Les dispositions de cet article introduisent un flou supplémentaire dans le cadre des droits dont dispose l'étranger.

En effet, en subordonnant la délivrance d'une première carte de résident à l'intégration du migrant, appréciée particulièrement « au regard de son engagement personnel » à respecter les principes qui régissent la République française, c'est, ici encore, la possibilité d'un arbitraire de l'administration, renforcée au détriment de la stabilité des droits de l'étranger.

De plus, ces dispositions se fondent sur la méconnaissance de la réalité de la migration. Il ne peut y avoir d'intégration avant la mise en oeuvre des moyens en vue de s'intégrer. Or la carte de résident est l'un des principaux facteurs d'intégration.

Outre la notion d'« engagement personnel », dont nous demandons la suppression en raison de son caractère extrêmement flou justifiant toutes les inquiétudes, de nombreuses dispositions de cet article 5 sont discutables, notamment le respect des principes de la République. Vous nous avez dit que les principes de la République, ce sont les libertés, l'égalité homme-femme, je dirai aussi égalité des droits entre les Français et les étrangers, la justice. Mais tous ces principes ne sont-ils pas universels ?

Vous nous parlez également de dignité, mais c'est vous qui la refusez. Quand vous poussez l'étranger à la clandestinité, quand vous lui refusez la reconnaissance de l'égalité des droits, vous lui refusez la dignité.

Et à qui reviendra-t-il d'évaluer, et selon quels critères ?

Là encore, les obligations imposées par l'article ont un caractère très subjectif, ce qui dotera de fait le préfet et le maire du pouvoir exorbitant de récompenser ou de sanctionner, selon qu'ils jugeront que l'étranger mérite, ou non, d'obtenir le titre de résident.

D'une part, cet article constitue une légalisation de l'arbitraire, et, en cela, il est inacceptable.

D'autre part, il constitue une localisation de la politique d'intégration, qui doit rester une politique nationale !

Et comme si vous n'étiez pas satisfait d'un seul arbitraire, celui de l'appréciation de l'engagement personnel, vous en avez ajouté un deuxième, qui introduit le maire dans le champ de l'intégration alors que ce n'est pas du tout son rôle.

En quelque sorte, comme je l'ai déjà dit mais il est important de le rappeler, vous localisez une politique qui devrait avoir un caractère national, vous affaiblissez le caractère souverain de l'État pour que cette question d'intégration et d'immigration devienne locale.

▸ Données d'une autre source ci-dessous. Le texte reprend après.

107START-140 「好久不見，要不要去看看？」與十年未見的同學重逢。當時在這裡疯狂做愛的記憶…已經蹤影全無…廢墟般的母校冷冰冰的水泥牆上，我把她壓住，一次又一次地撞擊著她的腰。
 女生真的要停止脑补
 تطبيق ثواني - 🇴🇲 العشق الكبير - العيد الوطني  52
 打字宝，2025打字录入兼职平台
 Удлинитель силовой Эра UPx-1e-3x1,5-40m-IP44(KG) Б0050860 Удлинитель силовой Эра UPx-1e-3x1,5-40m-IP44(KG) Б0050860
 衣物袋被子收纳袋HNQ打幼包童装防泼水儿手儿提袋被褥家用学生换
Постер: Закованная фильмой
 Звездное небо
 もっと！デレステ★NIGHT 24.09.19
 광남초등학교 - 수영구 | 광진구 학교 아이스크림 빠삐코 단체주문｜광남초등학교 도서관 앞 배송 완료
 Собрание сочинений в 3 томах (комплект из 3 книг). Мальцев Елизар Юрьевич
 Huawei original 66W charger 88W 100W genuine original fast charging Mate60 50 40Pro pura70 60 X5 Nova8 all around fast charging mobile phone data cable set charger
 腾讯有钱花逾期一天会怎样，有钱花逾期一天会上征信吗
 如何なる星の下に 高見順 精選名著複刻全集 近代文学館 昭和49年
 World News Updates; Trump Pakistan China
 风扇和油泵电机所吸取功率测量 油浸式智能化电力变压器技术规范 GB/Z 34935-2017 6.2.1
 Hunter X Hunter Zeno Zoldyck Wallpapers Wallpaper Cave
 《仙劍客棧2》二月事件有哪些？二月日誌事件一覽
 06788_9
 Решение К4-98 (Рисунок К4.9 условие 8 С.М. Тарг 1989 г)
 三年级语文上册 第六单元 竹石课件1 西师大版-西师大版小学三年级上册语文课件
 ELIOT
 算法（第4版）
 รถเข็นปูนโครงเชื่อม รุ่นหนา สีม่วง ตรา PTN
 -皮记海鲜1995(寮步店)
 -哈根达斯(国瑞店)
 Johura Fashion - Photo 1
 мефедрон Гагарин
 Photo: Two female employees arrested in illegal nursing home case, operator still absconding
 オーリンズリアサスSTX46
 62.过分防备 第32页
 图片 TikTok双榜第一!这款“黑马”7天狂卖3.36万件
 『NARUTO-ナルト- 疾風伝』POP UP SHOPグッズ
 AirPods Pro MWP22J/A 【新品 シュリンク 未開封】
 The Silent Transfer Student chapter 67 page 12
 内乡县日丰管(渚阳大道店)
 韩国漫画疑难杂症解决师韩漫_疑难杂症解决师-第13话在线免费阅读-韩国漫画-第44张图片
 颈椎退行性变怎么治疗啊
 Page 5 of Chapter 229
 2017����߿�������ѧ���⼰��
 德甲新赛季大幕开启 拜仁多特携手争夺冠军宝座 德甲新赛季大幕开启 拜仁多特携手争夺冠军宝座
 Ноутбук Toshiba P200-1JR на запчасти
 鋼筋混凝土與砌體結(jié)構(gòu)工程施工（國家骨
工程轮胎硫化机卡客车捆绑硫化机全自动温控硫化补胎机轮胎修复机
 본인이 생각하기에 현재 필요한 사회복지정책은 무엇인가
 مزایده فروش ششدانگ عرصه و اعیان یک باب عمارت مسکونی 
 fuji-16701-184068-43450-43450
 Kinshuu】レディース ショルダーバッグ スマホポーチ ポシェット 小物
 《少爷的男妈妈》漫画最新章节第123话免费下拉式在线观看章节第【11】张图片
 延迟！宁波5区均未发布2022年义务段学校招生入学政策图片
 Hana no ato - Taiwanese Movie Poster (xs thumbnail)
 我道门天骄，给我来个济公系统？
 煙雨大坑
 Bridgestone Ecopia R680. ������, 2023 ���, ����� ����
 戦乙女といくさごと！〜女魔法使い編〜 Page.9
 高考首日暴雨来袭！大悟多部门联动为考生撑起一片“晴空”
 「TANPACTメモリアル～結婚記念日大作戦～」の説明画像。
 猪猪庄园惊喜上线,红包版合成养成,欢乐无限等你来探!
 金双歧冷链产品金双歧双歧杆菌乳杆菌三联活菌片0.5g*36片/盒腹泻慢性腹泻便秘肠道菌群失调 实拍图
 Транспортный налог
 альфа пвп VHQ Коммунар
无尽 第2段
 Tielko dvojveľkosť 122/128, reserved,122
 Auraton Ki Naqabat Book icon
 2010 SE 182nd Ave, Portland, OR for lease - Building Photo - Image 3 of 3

Le maire n'est absolument pas partie au contrat d'intégration et il ne saurait donc en aucun cas intervenir dans cette procédure.

En fait, pour aller dans le sens de ce qu'expliquait Julien Dray, à l'Assemblée nationale, votre dispositif va beaucoup plus loin que le pouvoir arbitraire donné aux préfets et aux maires puisqu'il réintroduit par ce biais une notion que le Conseil constitutionnel a rejetée : les quotas.

Vous allez donner la possibilité à des maires d'introduire des quotas de résidents étrangers dans leur commune.

Vous avez déjà, avec les polices municipales, transformé les maires en shérifs ; vous voulez leur donner un rôle dans le projet que vous préparez sur la prévention de la délinquance avec le contrat de responsabilité ; et voilà que maintenant, sur la question de l'intégration, vous leur donnez l'opportunité de faire le tri entre les bons immigrés et ceux qu'ils n'aiment pas.

Monsieur le ministre, même si l'avis du maire est consultatif, nous savons très bien qu'en ce domaine il est très souvent suivi par le préfet.

Je répète que vos arguments ne nous ont pas convaincus, pas plus qu'ils ne devraient convaincre nos amis qui siègent sur les travées de la gauche, parce que votre dispositif donne trop d'importance aux maires.

Je dis que chacun doit être à sa place.

La politique d'intégration, c'est une politique nationale, ce n'est pas une politique qui doit être localisée, ni qui doit donner l'opportunité au maire de choisir, entre ceux qu'il va précariser et ceux auxquels il va accorder une récompense.

Pour cette raison, les Verts ne peuvent pas accepter un texte qui attribue une nouvelle délégation de pouvoir et de responsabilités au maire, au détriment de notre État de droit et de ses pouvoirs régaliens.